En parallèle de l'histoire de ce couple, l'auteur nous montre entre deux chapitres la migration d'un monarque qui part du Canada, volète de champ en champ, de villes en villes, de région en région pour se rendre dans la région d'Oaxaca à 4 000 km de là, uniquement pour se reproduire. Au cours de ce périple poétique, le papillon va devoir contourner tous les pièges tendus par les hommes qui, sur son parcours, peuvent mettre sa vie en danger : les centrales nucléaires ou, par exemple, les champs traités par les insecticides (Monsanto est présent dans ces pages). Ce faisant l'auteur en profite pour dénoncer les actions des hommes qui détruisent peu à peu l'environnement rendant périlleuse la migration de ces superbes papillons. J'ai aimé les planches et leur ton bleuté symbolisant la ville qui contraste avec l'orangé vif de ce papillon.
Il faut noter que l'auteur s'est inspiré de faits réels pour décrire les manifestations qui ont eu lieu à Oaxaca. Il ne cache rien des tensions internes du pays ni de ses difficultés. Le pays a en effet traversé une crise grave en 2006 et le nouveau gouverneur, Ulises Ortiz est arrivé au pouvoir suite à des élections truquées.
L'auteur fait état en toute simplicité et avec réalisme de ce qu'il a vu lui-même, lors des deux années qu'il a passé en famille à Oaxaca. Les enseignants qui veulent au départ une simple augmentation, se retrouvent dans la rue : banderoles, barricades, cortèges de manifestants, tags sur les murs, et le lecteur se retrouve au coeur des manifestations, 150 personnes seront arrêtés et le journaliste Bradley Will (Al dans la BD) sera tué lors de la répression.
Au début de ma lecture, j''ai été plutôt surprise par le graphisme. Je trouvais les personnages trop figés (surtout leur visage) et les dessins trop classiques. Puis au fil des pages, je me suis habituée au style de l'auteur, et j'ai aimé son souci des détails, les couleurs gaies et contrastées de certaines planches, la lumière qui accentue les couleurs mais aussi les ombres. J'ai même trouvé ces planches particulièrement vivantes, et capables de nous faire entrer dans une ambiance chaleureuse, effrayante ou triste selon les propos. Elles sont bien le reflet des tensions internes du pays, de son histoire, de ses coutumes. Les pages où l'on suit le monarque, si seul dans le ciel américain bleuté, sont particulièrement "parlantes" et pourtant totalement sans paroles...

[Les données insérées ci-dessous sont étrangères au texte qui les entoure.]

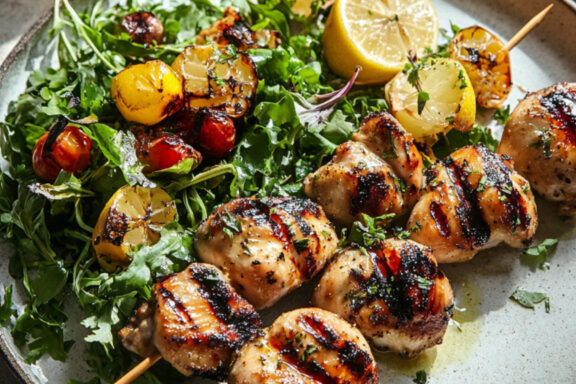 Marinated Grilled Chicken Thigh Skewers on a plate
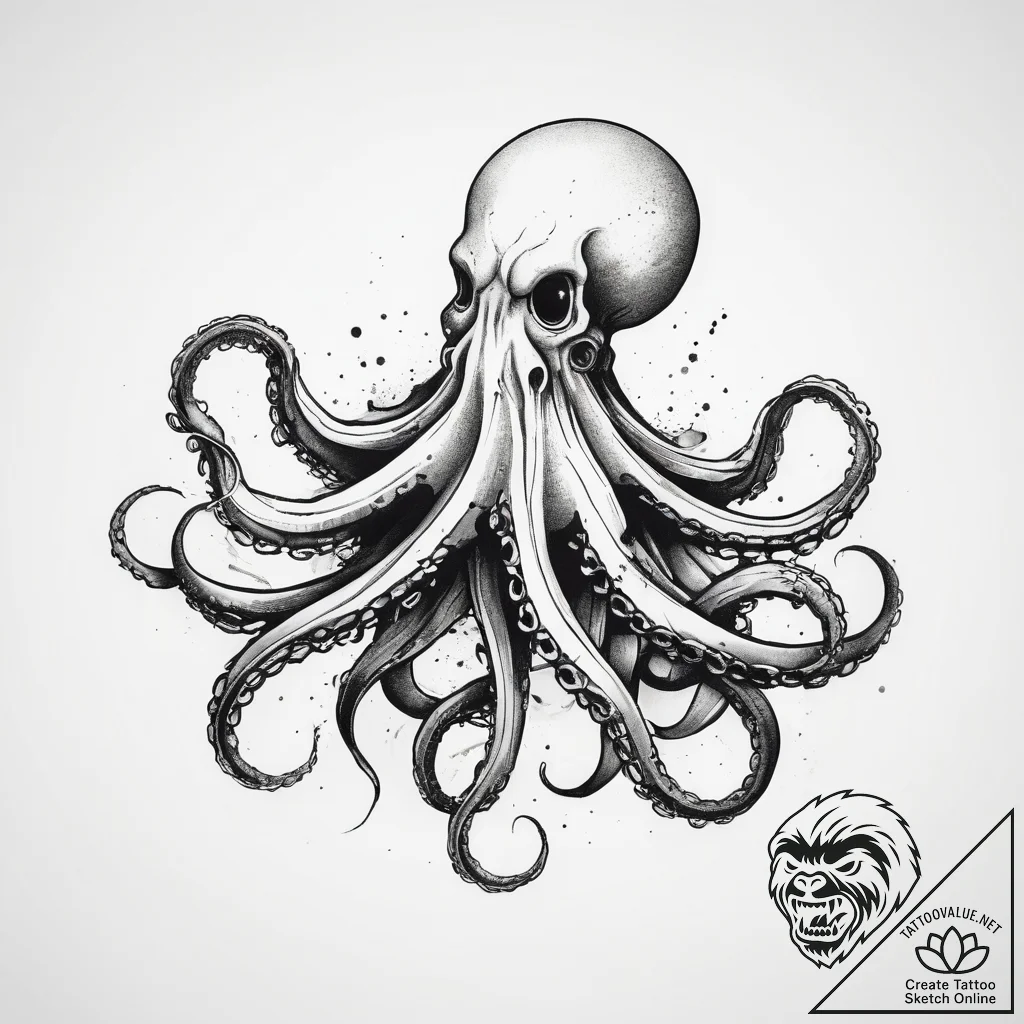 Octopus, tattoo sketch design, black outline... - tattoo sketch (№1753757570_0, 29.07.2025 02:52) — tattoovalue.net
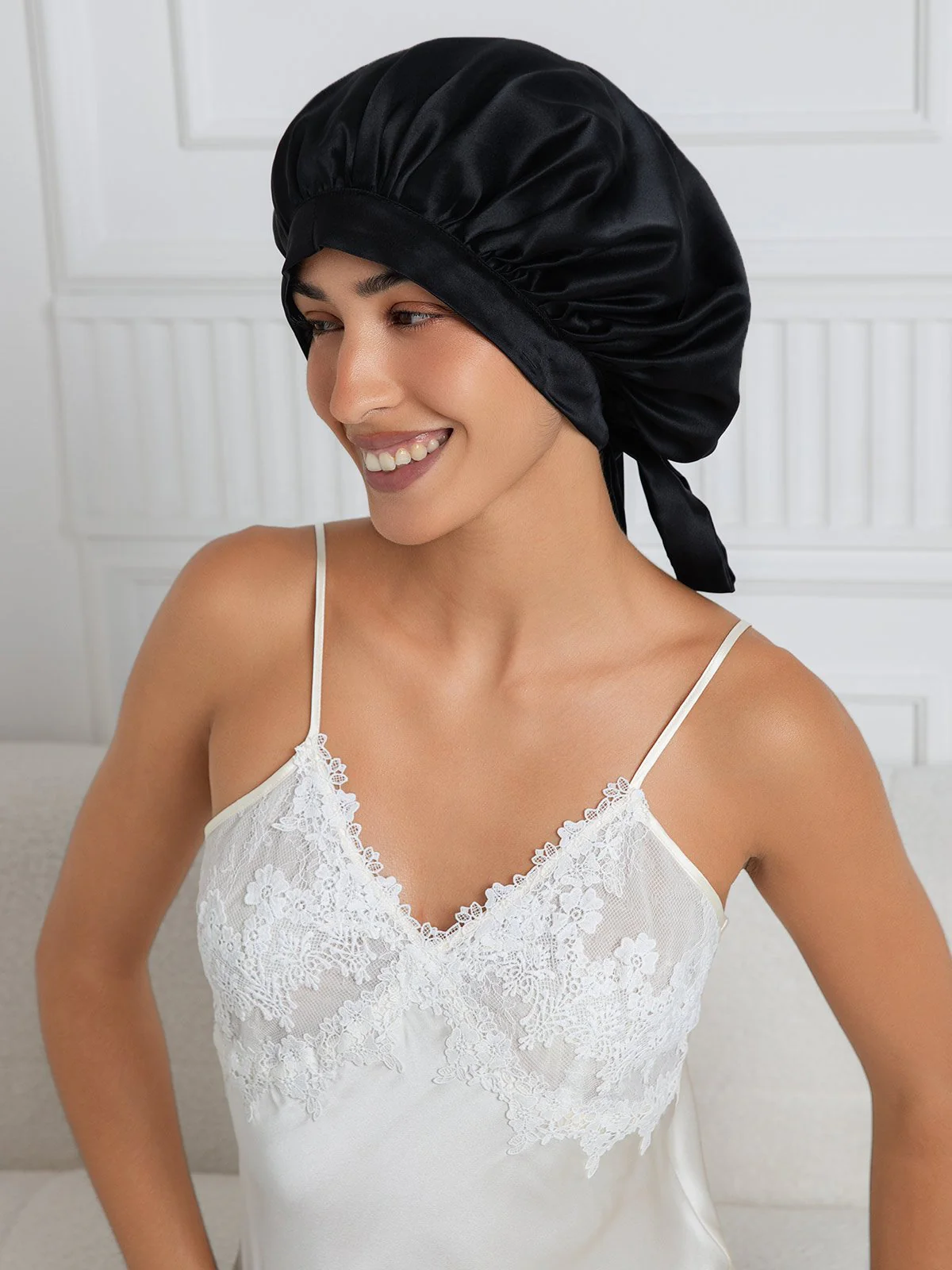 Bonnet de nuit élégant en soie pure avec longs rubans - Image 17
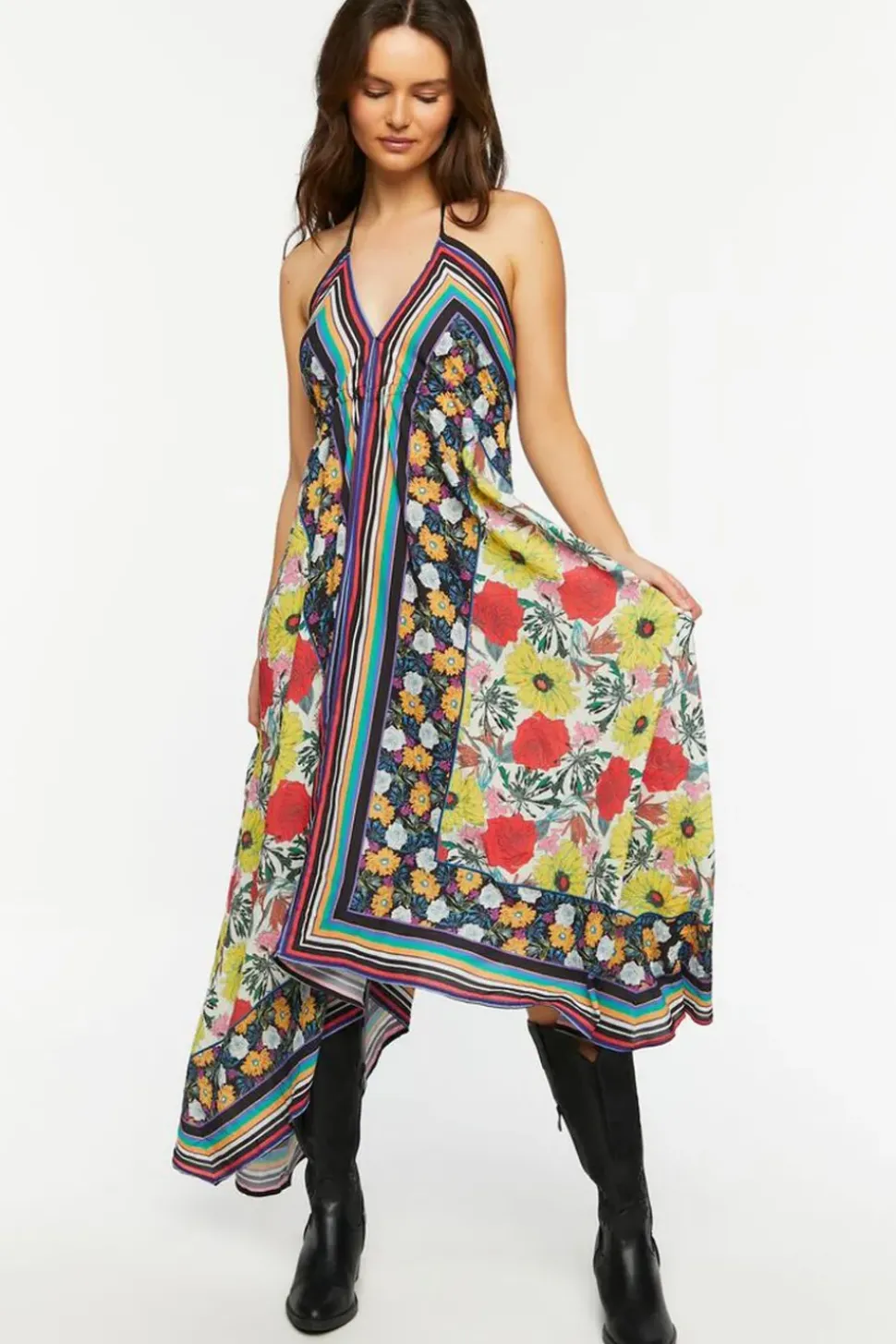 Reworked Floral Striped Halter Midi Dress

Il faut noter aussi que les différents sujets sont traités avec de l'humour et j'ai adoré en particulier les scènes avec les chiens sauvages ou les planches dans lesquelles l'auteur décrit les joies de prendre le volant dans la ville. Par exemple en voici une.
Ce roman graphique a reçu le prix Millepages en 2015 et le prix Will Eisner en 2016.
La lecture de ce roman graphique me permet de participer une nouvelle fois au challenge d"Ingannmic "Sous les pavés les pages" puisque le lecteur se trouve totalement immergé dans la ville d'Oaxaca au Mexique pendant les événements de 2006.